* What to produce
Write out the line with "this 450×320 image." and every later line through the end of the data below, exactly as given, with no pictures in the copy.

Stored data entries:
————————

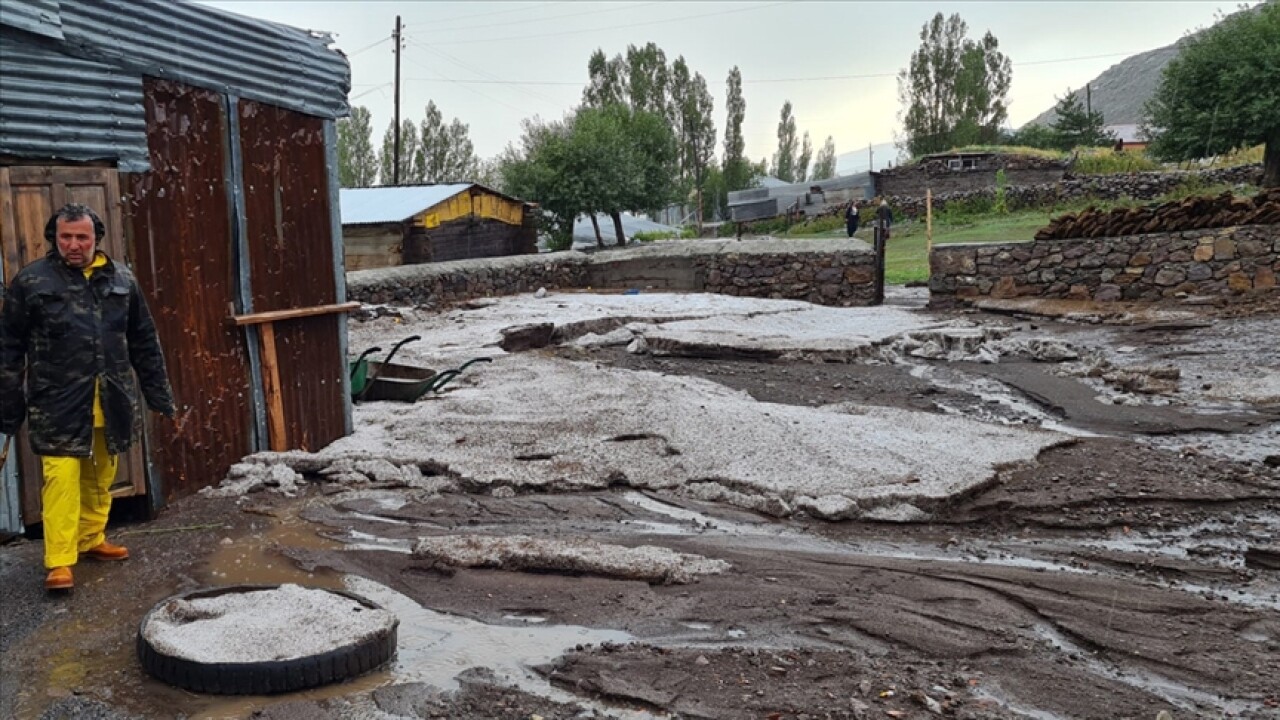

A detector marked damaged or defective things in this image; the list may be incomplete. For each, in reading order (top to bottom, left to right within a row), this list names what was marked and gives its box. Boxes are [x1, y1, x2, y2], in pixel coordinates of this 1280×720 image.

flood damage [2, 288, 1280, 720]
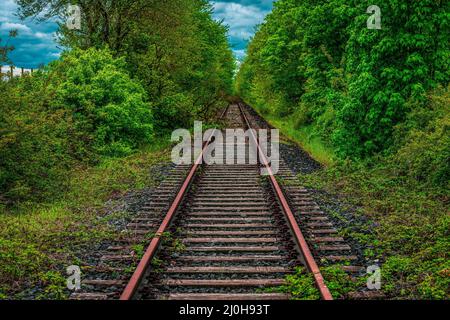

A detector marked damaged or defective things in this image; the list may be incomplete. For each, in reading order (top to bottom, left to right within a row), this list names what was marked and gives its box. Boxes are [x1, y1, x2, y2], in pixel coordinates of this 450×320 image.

rusty steel rail [237, 102, 332, 300]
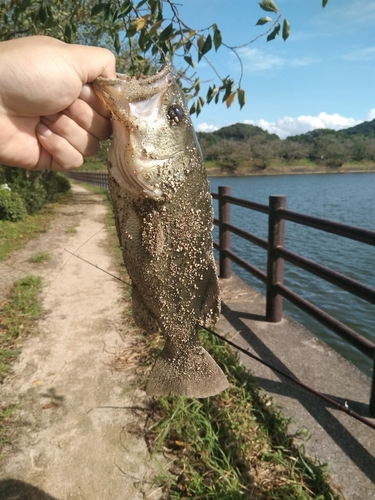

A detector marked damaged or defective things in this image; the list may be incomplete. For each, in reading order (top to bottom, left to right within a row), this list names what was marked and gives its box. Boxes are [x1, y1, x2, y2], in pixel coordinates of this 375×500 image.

rusty metal pole [268, 194, 288, 320]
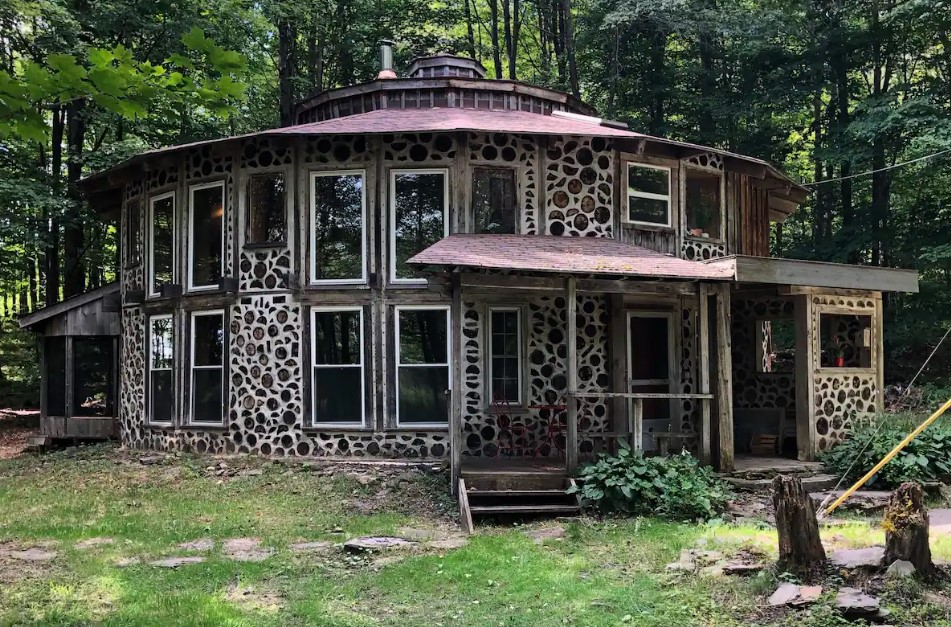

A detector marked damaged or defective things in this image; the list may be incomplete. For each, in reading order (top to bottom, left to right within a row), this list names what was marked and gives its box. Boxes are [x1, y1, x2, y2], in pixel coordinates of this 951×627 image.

rusty metal roof [410, 234, 736, 280]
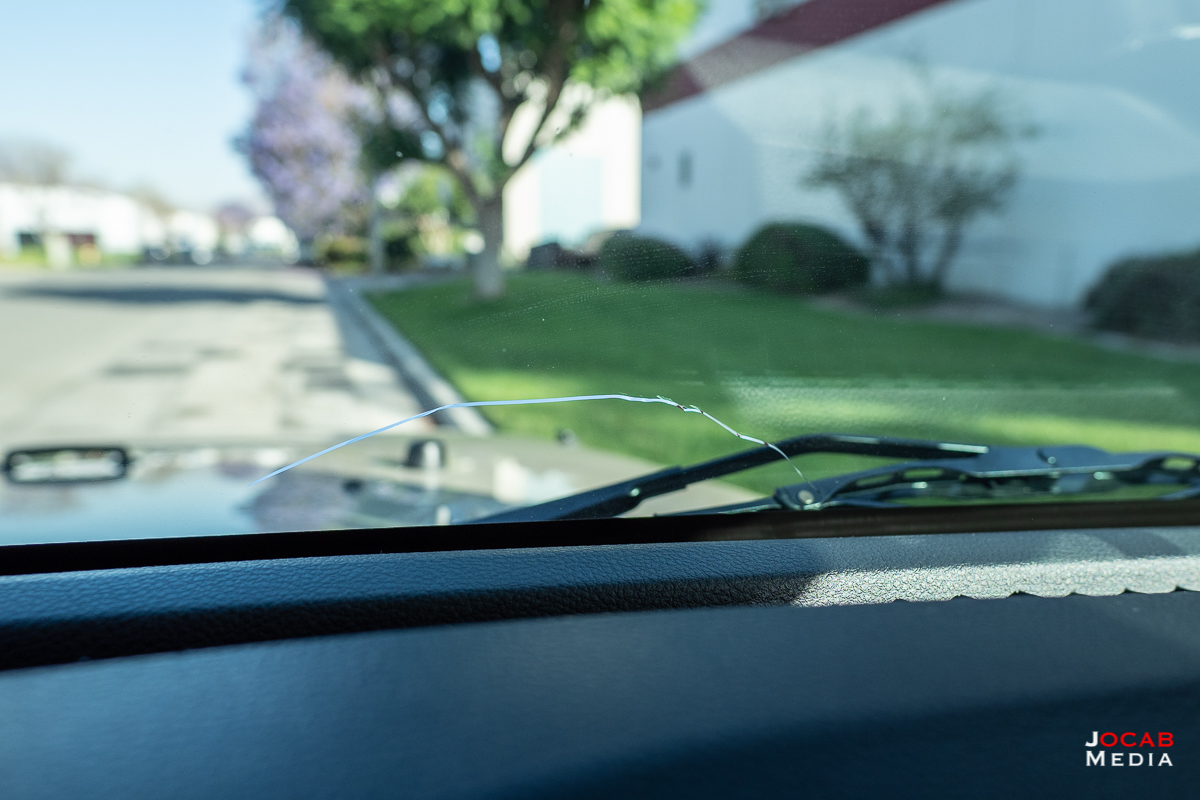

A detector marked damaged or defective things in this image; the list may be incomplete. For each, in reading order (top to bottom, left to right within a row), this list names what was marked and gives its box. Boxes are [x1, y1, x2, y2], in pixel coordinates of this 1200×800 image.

cracked windshield [2, 0, 1200, 544]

————————

* Solution to this problem
A detector marked damaged or defective things in this image; the list may be incomplete. For each, in reading order (top to bottom, left to right within a row), this list names what was marked and gives its box. Boxes are [x1, y1, x2, y2], in pixel coordinates of this 450×320 image.

rusty steel rail [237, 102, 332, 300]

A detector marked damaged or defective things in this image; the list may be incomplete. For each, in reading order (top to bottom, left to right within a row), this list names what was marked and gives its box. Boxes are [x1, y1, x2, y2], in pixel coordinates of this 375×500 image.

rusty metal pole [268, 194, 288, 320]

A detector marked damaged or defective things in this image; the list may be incomplete. For each, in reading order (top to bottom, left to right within a row), this list names what was marked and gives its box. Boxes are [x1, y1, x2, y2], in pixel coordinates of this 951×627 image.

rusty metal roof [410, 234, 736, 280]

A detector marked damaged or defective things in this image; the list may be incomplete. For each, in reading order (top to bottom, left to right within a row), this list names what was marked and gives its box. Boxes are [x1, y1, x2, y2], in pixel coordinates of this 1200×800 image.

cracked windshield [2, 0, 1200, 544]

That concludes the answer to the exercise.